Content starts

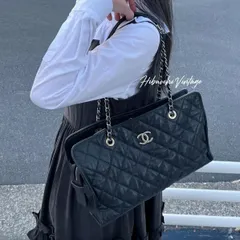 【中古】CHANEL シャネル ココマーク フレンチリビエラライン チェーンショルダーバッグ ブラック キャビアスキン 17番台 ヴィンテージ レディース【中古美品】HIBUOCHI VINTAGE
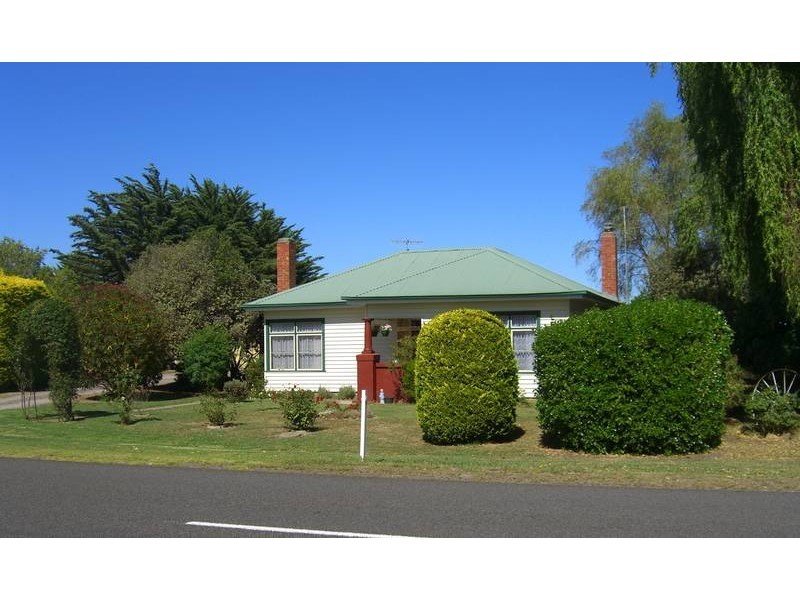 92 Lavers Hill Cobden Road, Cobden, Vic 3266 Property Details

Content ends
Content starts

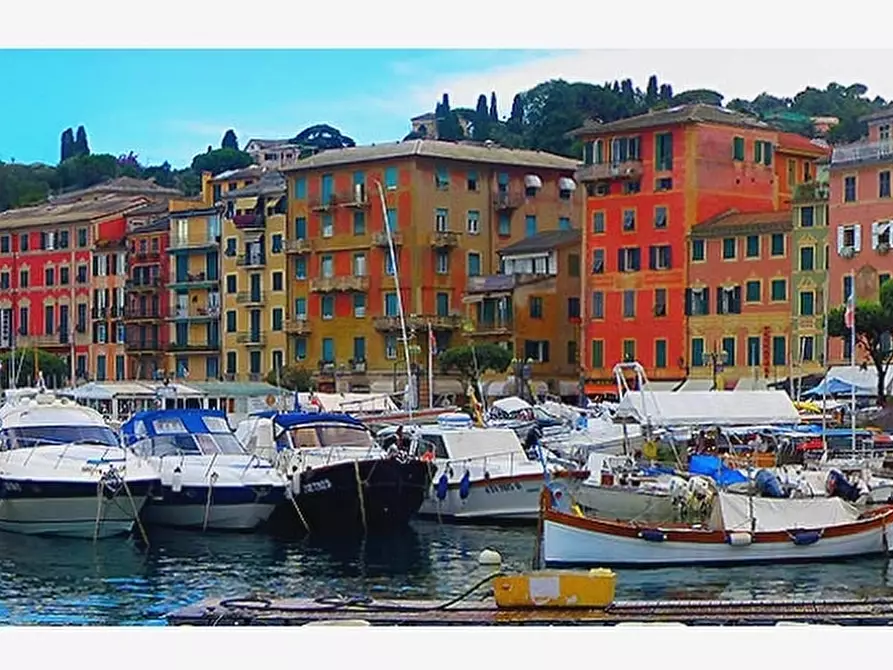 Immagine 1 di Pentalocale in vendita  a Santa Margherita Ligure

Content ends

WHAT IS BEING ASKED
In the listing above, find the line containing "ヴィンテージ レディース【中古美品】HIBUOCHI VINTAGE" and the line containing "92 Lavers Hill", then return both of them and every line between, exactly, without pictures.

SOLUTION TO THIS EXERCISE
 【中古】CHANEL シャネル ココマーク フレンチリビエラライン チェーンショルダーバッグ ブラック キャビアスキン 17番台 ヴィンテージ レディース【中古美品】HIBUOCHI VINTAGE
 92 Lavers Hill Cobden Road, Cobden, Vic 3266 Property Details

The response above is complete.